NASA announced the Space Act agreement on Thursday, highlighting the camera's capability to capture imagery in low light and withstand the challenging lunar environment.

Scheduled for launch "no earlier than September 2026," the Artemis III mission targets the lunar south pole, a scientifically intriguing region containing water ice within permanently shadowed craters.

The extreme lighting and temperature conditions pose unique technical challenges for equipment operation in this area, making the development of the HULC system crucial.

Nikon's flagship full-frame Z9 has already undergone thermal, vacuum, and radiation testing before the collaboration, serving as the foundation for the modified HULC system, complemented by Nikkor lenses.

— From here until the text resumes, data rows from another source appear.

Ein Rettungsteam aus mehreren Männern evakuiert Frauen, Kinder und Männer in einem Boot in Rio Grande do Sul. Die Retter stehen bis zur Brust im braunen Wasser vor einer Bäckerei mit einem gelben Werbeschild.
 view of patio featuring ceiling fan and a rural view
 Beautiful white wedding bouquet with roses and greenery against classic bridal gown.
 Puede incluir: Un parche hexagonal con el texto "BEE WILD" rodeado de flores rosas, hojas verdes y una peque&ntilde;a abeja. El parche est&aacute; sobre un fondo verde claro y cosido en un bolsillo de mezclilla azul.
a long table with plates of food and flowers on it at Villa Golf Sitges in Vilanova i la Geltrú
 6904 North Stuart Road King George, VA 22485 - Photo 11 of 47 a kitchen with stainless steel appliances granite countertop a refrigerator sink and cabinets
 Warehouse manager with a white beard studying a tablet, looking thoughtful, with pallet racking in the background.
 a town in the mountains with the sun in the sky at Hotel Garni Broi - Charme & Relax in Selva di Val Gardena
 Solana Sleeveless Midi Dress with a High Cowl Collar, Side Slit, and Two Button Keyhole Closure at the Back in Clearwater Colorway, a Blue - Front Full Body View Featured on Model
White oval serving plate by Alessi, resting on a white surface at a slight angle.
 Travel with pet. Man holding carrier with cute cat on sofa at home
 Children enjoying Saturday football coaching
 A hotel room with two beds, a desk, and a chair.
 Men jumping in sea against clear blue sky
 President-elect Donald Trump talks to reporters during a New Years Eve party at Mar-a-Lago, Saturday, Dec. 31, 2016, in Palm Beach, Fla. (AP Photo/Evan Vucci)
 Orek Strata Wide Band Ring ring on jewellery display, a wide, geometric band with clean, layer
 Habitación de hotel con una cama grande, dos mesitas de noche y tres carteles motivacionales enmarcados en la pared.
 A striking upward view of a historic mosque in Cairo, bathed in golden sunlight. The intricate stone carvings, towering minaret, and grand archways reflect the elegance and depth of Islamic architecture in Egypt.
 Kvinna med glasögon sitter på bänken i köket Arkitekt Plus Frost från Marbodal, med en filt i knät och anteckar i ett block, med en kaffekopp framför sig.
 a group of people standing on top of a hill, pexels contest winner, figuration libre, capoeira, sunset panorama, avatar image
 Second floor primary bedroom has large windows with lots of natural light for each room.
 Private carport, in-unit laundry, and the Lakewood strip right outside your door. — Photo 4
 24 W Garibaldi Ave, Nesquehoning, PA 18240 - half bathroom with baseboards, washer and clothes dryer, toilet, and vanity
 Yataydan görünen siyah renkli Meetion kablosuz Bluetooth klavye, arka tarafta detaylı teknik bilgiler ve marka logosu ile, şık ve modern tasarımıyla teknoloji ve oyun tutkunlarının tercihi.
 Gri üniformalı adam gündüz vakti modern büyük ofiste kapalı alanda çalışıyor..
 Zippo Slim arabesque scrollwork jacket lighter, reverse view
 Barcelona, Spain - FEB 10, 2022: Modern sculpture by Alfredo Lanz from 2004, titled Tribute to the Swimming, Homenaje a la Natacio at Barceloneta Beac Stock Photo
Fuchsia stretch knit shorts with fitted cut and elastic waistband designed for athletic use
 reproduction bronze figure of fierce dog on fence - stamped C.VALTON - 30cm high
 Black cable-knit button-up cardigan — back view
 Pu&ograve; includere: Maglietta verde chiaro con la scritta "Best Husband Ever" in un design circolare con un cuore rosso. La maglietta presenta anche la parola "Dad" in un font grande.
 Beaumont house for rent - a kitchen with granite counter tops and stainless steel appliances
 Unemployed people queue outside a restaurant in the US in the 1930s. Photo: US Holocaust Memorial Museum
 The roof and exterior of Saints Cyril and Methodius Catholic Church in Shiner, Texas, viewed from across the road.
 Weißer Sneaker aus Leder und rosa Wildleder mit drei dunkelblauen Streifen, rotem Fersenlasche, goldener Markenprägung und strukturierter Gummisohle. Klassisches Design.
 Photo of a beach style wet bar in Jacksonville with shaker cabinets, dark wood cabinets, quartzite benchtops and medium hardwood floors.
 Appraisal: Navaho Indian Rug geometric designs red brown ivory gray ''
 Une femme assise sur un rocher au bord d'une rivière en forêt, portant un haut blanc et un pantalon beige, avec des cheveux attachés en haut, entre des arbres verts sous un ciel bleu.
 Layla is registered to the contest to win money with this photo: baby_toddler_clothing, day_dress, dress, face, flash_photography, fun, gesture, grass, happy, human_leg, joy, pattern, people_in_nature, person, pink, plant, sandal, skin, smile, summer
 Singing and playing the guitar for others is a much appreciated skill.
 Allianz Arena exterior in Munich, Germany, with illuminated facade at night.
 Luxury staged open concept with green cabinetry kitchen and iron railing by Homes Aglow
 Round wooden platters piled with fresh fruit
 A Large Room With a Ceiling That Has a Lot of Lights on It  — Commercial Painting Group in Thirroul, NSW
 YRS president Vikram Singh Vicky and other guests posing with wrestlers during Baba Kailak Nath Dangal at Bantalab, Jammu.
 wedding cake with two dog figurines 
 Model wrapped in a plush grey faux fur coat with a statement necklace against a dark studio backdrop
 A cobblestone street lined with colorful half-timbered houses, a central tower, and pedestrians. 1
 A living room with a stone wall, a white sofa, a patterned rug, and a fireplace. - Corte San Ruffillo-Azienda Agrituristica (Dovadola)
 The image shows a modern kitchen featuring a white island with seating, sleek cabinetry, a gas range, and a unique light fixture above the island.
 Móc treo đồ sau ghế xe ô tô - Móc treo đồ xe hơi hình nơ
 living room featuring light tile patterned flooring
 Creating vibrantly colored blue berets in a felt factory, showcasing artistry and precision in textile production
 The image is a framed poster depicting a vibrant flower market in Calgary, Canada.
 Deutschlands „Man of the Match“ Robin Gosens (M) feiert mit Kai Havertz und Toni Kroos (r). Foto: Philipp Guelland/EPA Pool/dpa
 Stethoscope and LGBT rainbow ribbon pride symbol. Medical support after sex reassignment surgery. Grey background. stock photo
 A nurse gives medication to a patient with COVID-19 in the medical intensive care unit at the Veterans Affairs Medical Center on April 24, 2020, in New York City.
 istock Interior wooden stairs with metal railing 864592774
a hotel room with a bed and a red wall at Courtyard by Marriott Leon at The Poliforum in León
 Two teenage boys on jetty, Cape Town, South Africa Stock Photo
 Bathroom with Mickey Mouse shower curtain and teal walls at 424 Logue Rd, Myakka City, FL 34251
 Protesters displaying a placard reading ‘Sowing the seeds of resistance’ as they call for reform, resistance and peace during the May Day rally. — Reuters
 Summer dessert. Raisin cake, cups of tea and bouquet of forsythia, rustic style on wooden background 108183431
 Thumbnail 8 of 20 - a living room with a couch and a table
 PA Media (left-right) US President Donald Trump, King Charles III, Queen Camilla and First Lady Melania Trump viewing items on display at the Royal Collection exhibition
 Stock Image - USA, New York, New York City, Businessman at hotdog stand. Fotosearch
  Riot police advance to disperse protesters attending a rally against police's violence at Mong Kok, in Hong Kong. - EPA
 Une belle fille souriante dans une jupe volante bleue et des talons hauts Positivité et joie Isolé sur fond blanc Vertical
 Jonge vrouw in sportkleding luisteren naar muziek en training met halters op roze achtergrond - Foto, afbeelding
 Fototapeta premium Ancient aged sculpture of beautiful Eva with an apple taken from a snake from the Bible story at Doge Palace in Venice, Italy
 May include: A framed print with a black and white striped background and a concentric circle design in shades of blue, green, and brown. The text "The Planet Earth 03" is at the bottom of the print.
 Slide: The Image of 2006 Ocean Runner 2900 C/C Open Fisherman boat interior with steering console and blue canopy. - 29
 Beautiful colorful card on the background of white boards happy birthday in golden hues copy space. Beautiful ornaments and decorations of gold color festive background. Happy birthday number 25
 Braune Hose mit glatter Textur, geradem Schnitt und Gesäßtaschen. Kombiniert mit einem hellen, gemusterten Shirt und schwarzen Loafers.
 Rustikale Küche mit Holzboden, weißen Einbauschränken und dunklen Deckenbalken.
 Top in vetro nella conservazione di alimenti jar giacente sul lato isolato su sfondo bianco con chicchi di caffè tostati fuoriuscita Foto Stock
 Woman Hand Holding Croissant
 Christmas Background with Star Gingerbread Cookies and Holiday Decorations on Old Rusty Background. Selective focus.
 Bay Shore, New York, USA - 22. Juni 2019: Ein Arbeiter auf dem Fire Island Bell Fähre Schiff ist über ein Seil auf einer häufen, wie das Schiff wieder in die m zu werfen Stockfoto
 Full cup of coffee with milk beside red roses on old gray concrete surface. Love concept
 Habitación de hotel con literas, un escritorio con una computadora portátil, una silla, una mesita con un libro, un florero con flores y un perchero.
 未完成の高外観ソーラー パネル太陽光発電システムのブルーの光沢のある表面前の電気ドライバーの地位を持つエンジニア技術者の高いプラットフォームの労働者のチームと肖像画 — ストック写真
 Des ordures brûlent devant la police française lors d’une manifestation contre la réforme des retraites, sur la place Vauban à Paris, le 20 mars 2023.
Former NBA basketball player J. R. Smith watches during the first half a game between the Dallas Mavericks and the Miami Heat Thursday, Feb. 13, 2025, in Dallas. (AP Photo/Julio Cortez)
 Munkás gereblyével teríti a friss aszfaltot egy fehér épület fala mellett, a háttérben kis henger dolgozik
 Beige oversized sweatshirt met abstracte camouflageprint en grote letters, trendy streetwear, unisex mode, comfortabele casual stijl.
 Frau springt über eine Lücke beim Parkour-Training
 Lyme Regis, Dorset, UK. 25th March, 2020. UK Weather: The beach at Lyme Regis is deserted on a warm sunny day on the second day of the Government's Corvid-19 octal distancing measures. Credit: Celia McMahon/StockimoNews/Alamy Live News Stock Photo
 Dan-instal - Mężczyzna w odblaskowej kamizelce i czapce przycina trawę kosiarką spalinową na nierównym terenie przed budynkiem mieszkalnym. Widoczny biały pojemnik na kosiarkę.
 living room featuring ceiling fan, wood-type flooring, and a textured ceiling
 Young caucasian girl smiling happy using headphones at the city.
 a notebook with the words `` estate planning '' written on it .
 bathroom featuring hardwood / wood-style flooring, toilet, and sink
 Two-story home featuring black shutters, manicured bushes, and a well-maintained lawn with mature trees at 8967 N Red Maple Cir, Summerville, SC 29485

The camera's design incorporates NASA's thermal blankets to shield it from dust and extreme temperatures, along with modified electrical components to mitigate radiation-related issues.

A custom grip with adapted buttons facilitates the operation of the camera system by suited crew members wearing gloves. Nikon's legacy in space exploration dates back to the 1971 Apollo 15 mission, where a modified Nikon Photomic FTN was used.

However, the upcoming Artemis III mission marks a significant advancement with the introduction of mirrorless technology.

Unlike the large-format cameras used during the 1972 Apollo 17 mission, the HULC features a viewfinder, and the Nikon Z9's onboard video capabilities allow crew members to capture both still imagery and video using a single device.

This innovation eliminates the need for separate cameras for photography and video, a departure from the practices of past Apollo missions.